Altro elemento molto importante: quanti alloggi non occupati ci sono a Bergamo? Lo studio offre tre dati, riguardanti rispettivamente il 2001, il 2011 e il 2019 (praticamente uguale al dato di oggi, anche perché il Covid ha frenato ogni dinamica). Risulta che nel 2001 gli alloggi vuoti erano circa cinquemila e 300 e che dieci anni dopo erano saliti a circa ottomila. Nel 2019 eravamo scesi più o meno ai livelli del 2001. Se osserviamo il fenomeno in termini percentuali, scopriamo che nel 2001 era vuoto circa il 10 per cento degli alloggi esistenti, nel 2011 eravamo saliti al 13,5 per cento circa e nel 2019 superavamo appena l’otto per cento. Quindi, dal punto di vista percentuale, le cose sono migliorate anche rispetto a vent’anni fa (il numero di alloggi sfitti è pressoché identico, ma il numero di abitazioni è cresciuto, quindi la percentuale di case vuote è cambiata).

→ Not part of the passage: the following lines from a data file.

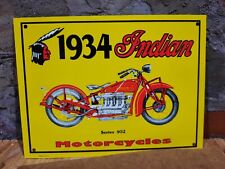 NEW OLD STOCK NOS METAL TACKER SIGN 1934 INDIAN MOTORCYCLES SERIES 402 MINT SIGN picture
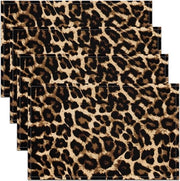 Placemats Luipaard Zwartbruin, Placemat Cheetah con Motivo Leopard per Cucina Patio Tavola da 30 x 45 cm, Set da 4 con Motivo Antislip per Animali Selvatici Africani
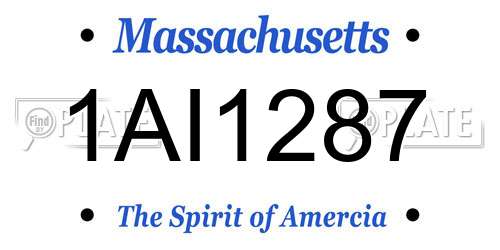 1AI1287 Massachusetts License Plate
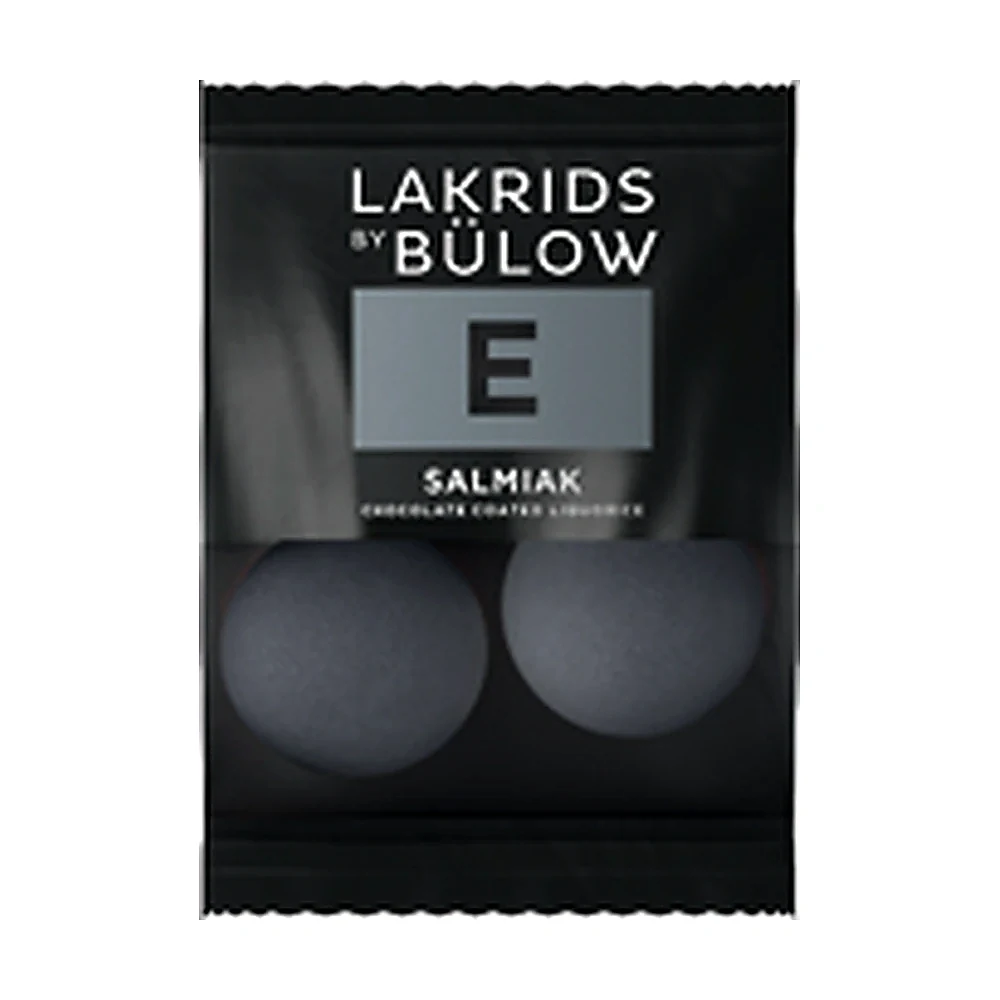 Lakrids by Bülow Mini E Salmiak: graue Schoko-Lakritzkugeln im Tütchen – Give-away für Messe und Empfang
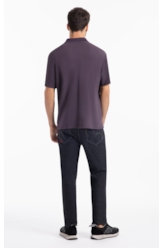 Polo Waffle College Shield Roxo
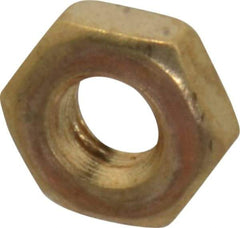 Value Collection - #10-32 UNF Brass Right Hand Machine Screw Hex Nut - 3/8" Across Flats, 1/8" High, Uncoated - Industrial Tool & Supply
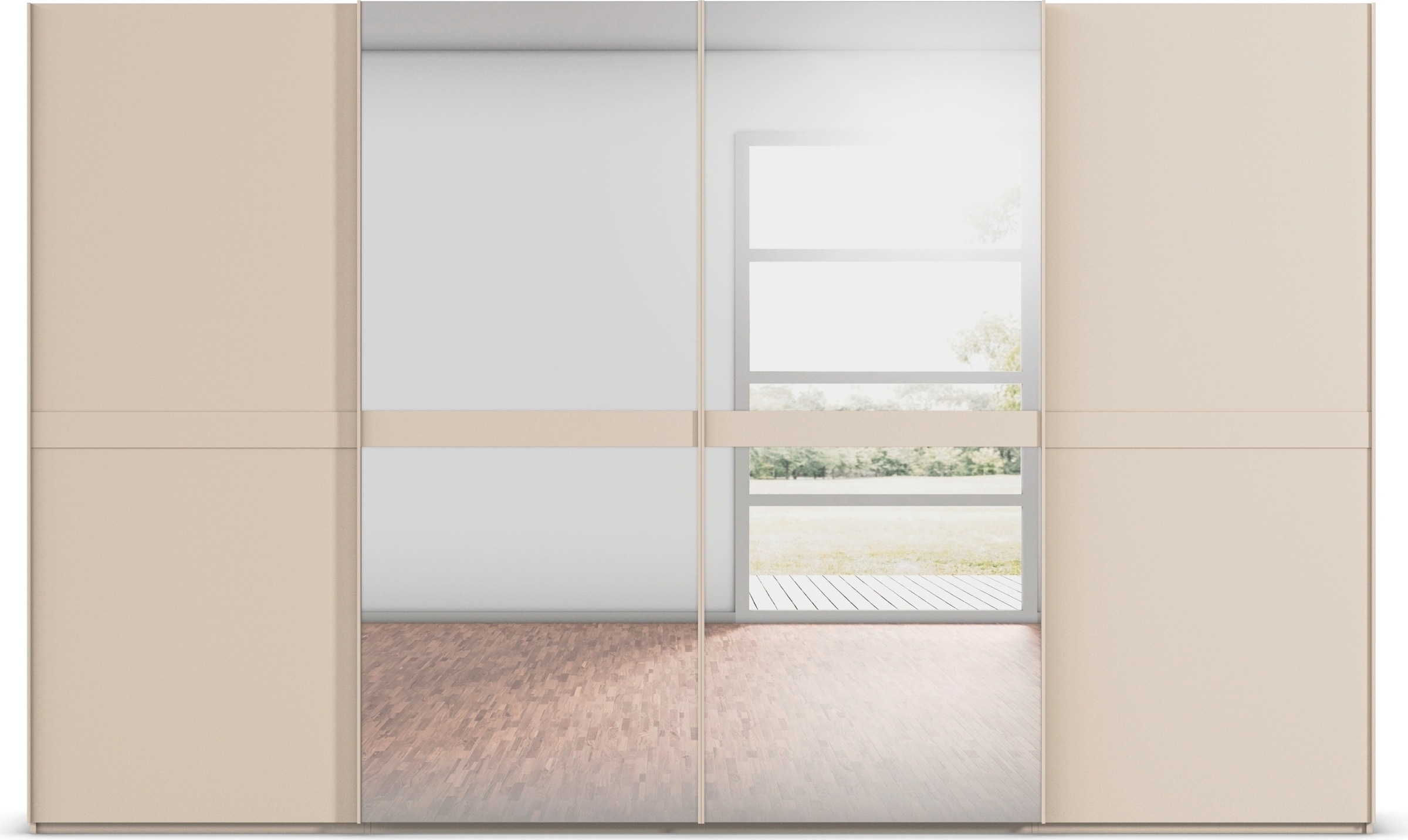 rauch Schwebetürenschrank »Kleiderschrank Schrank Garderobe Schlafzimmerschrank SCALE-LINE«, edle Optik mit Bauchbinde in Korpusfarbe mit Spiegel MADE IN GERMANY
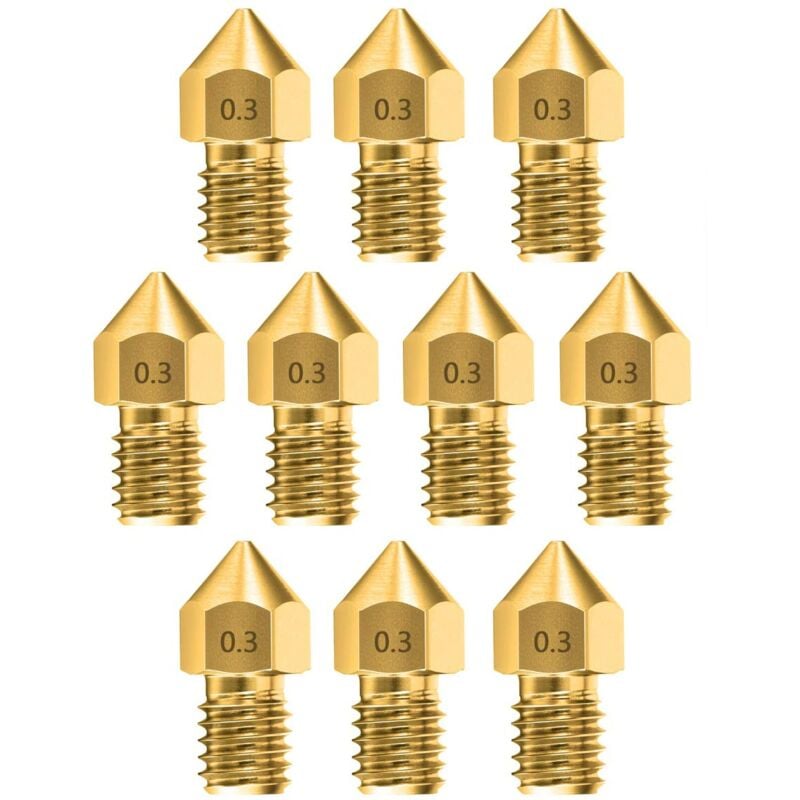 10 Stück 0,3 mm Extruder-3D-Druckerdüsen-Druckkopf für Makerbot Creality CR-10 Ender 3 und Ender 5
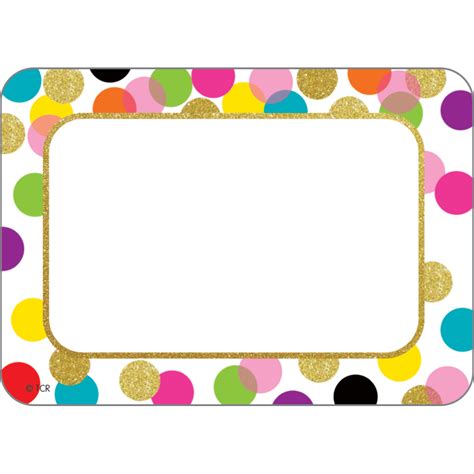 Confetti Name Tags/Labels - TCR5885 | Teacher Created Resources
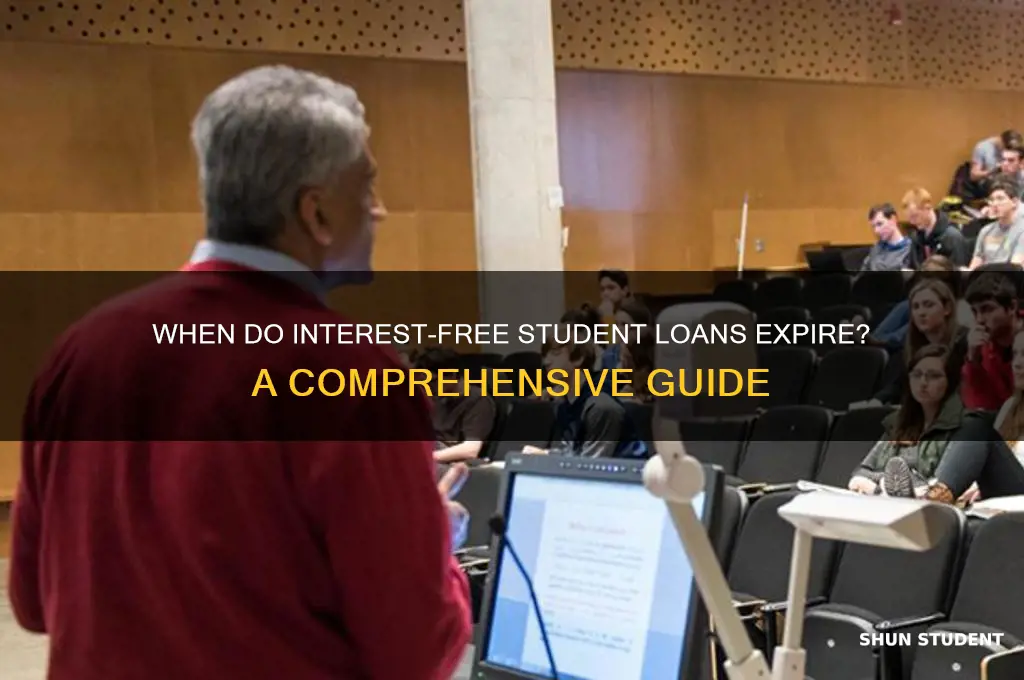 when does interest free student loans end
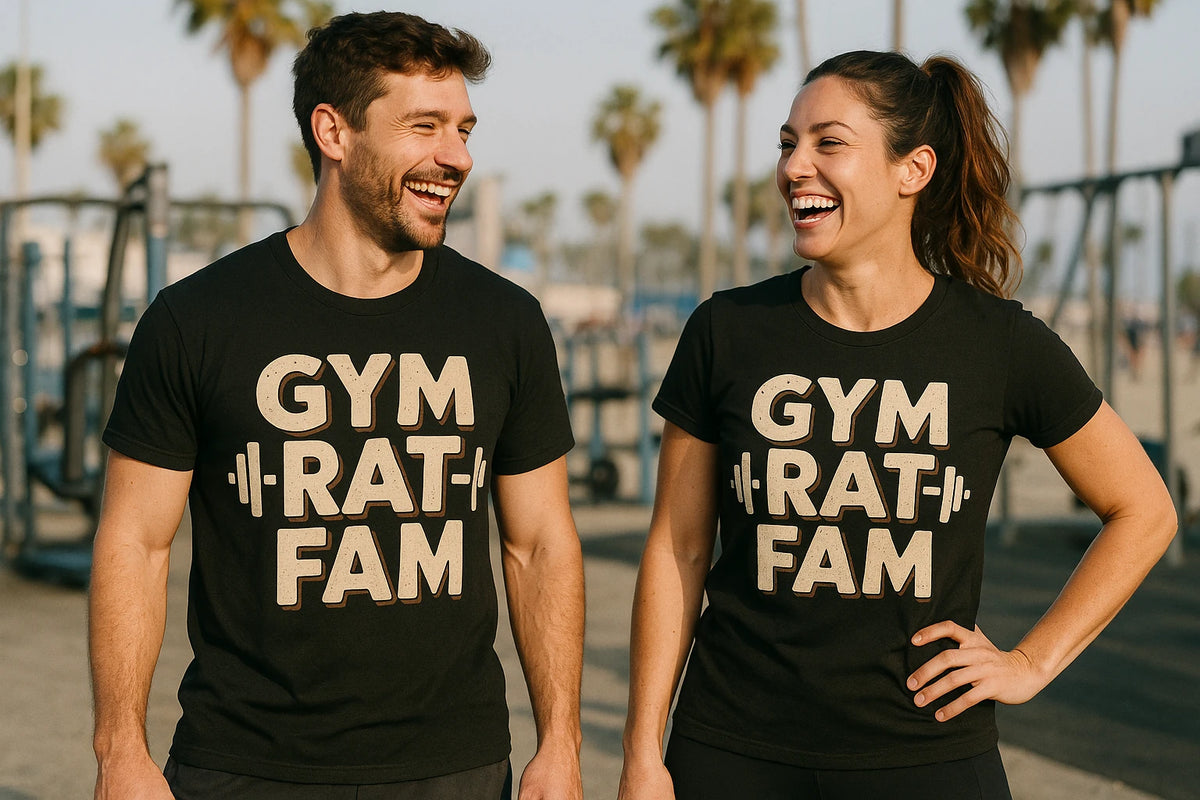 Person wearing the black exercise shirts womens graphic tee - "Gym Rat Fam" design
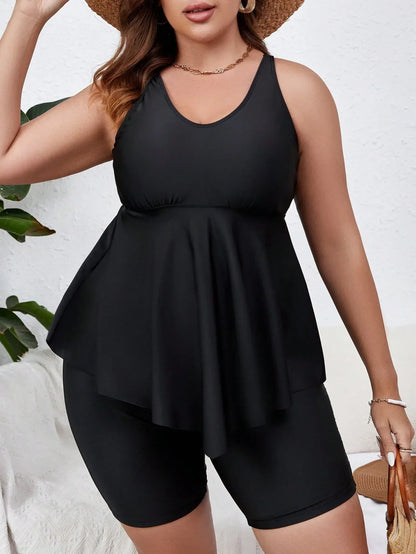 Valavalaki 2025 Solid 2 Piece Plus Size Tankini Set Women Push Up Large Big Swimsuit Beach High Waist Chubby Curvy Bathing Suit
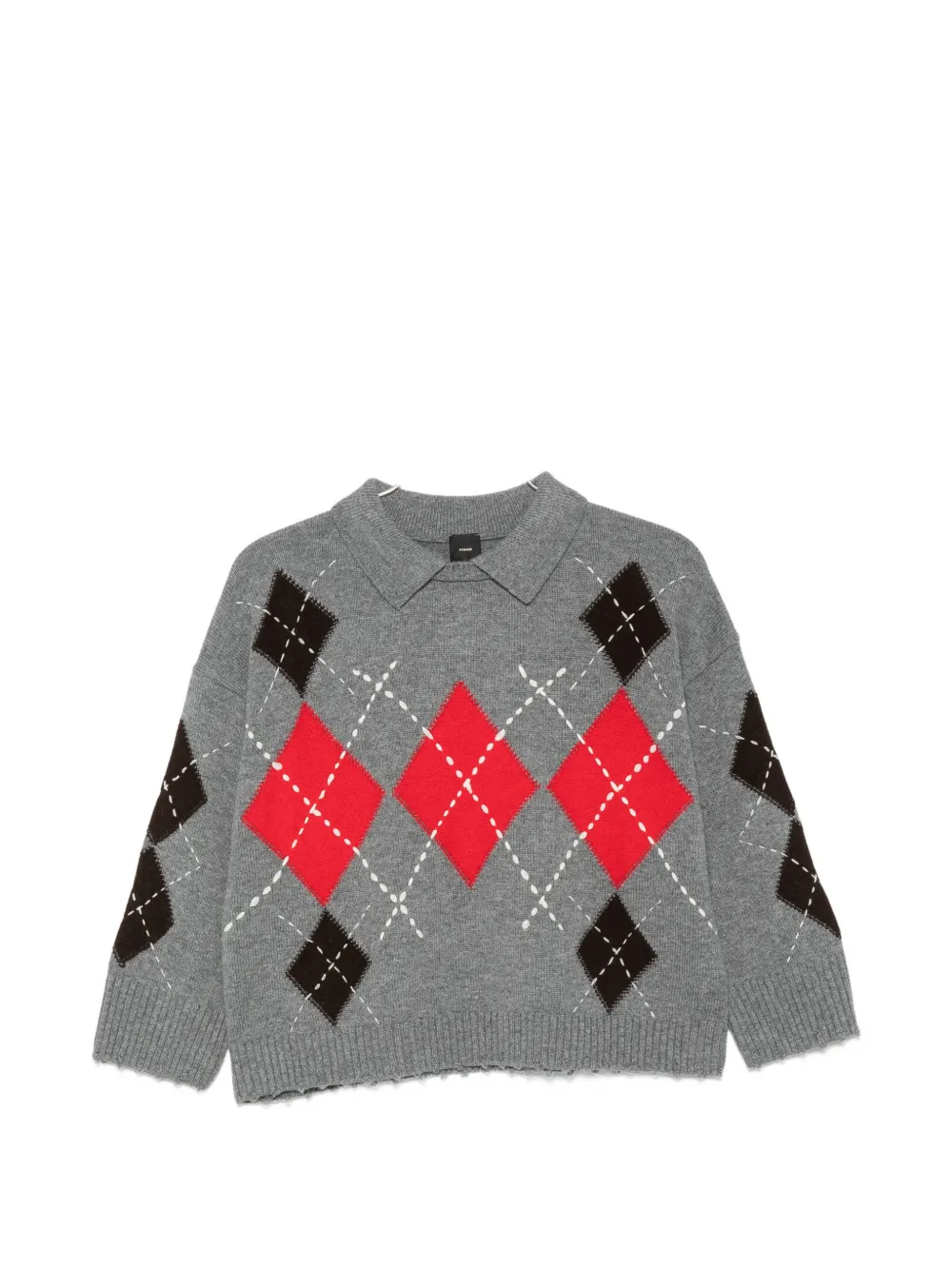 PINKO argyle-pattern collared sweater - Grigio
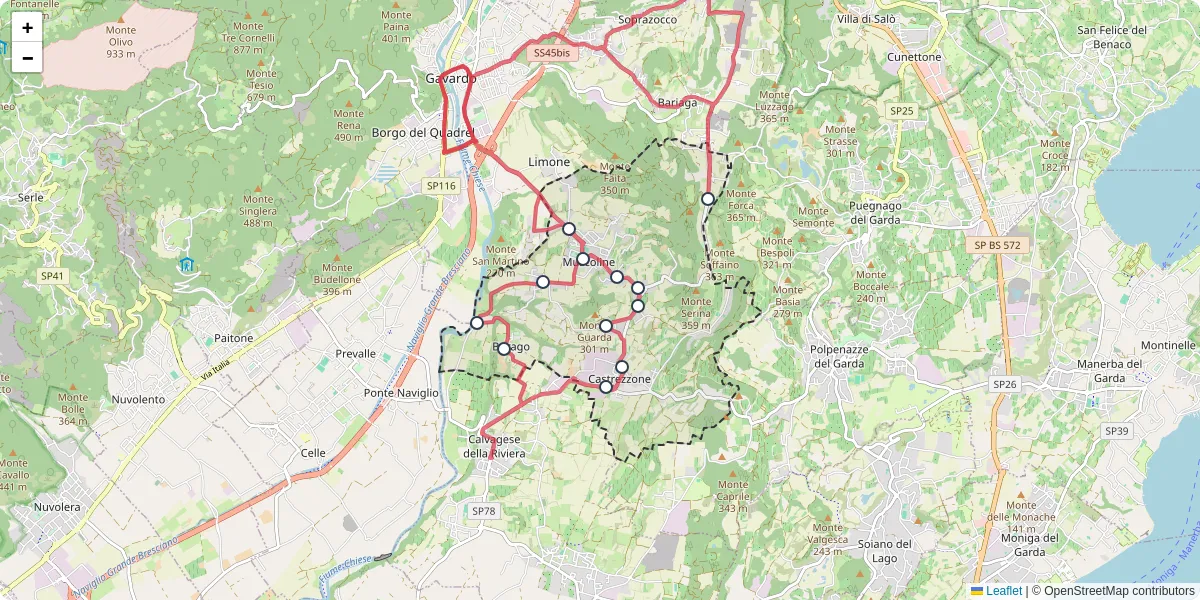 Mappa dettagliata del trasporto pubblico a Muscoline con linee autobus, tram e collegamenti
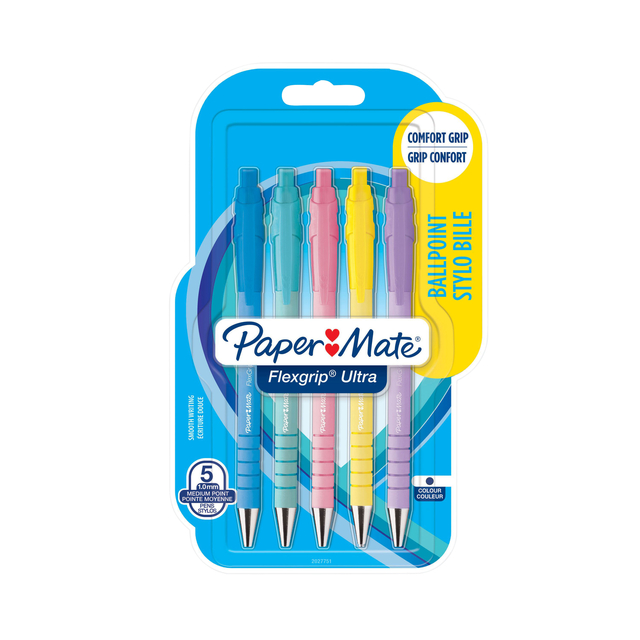 Balpen Paper Mate Flexgrip Ultra medium pastel assorti blister à 5 stuks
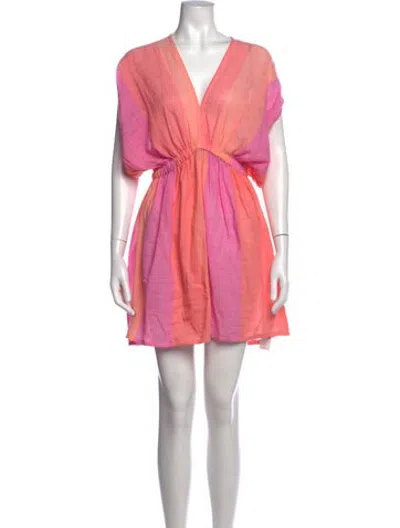 Pre-owned Lemlem Striped Mini Dress In Pink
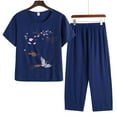 thumbnail image 1 of EchfiProm Navy Sleepwear for Women Pajama Set Short Sleeve Shirts Cotton Capris Sleepwear Sets XL, 1 of 3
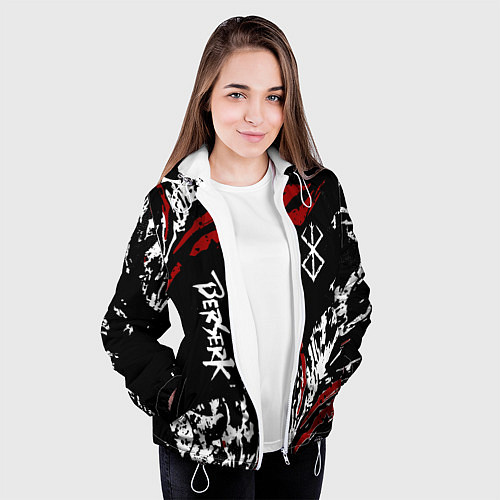 Женская куртка BERSERK BLACK MASK - БЕРСЕРК ЧЁРНАЯ МАСКА / 3D-Белый – фото 3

Quello che è accaduto a Bergamo riflette la situazione in Lombardia dove, tra il 2001 e il 2011 il numero di alloggi vuoti era salito del 16,5 per cento a fronte di una crescita di popolazione del 7,5 per cento. Afferma lo studio che negli ultimi dieci anni, Bergamo è poi cresciuta come numero di abitanti del 5,8 per cento, recuperando la sua centralità nella provincia. Tuttavia la produzione di nuovi alloggi è invece stata nettamente inferiore rispetto a quanto successo nel primo decennio del secolo. Considerando anche il fatto che il numero di persone per nucleo familiare è diminuito, risulta alla fine che la quantità di alloggi non occupati si è ridotta (per la precisione sarebbero 5.144 su un totale di circa 63 mila).

Insomma, ci si presenta sull’uscio di questo nuovo decennio con un certo bisogno di nuove abitazioni che però devono risultare di elevata qualità tecnologica. I cantieri presenti e futuri potrebbero essere la risposta. La domanda che arriva subito dopo è: ma che fine faranno in condomini degli anni Sessanta, Settanta, Ottanta?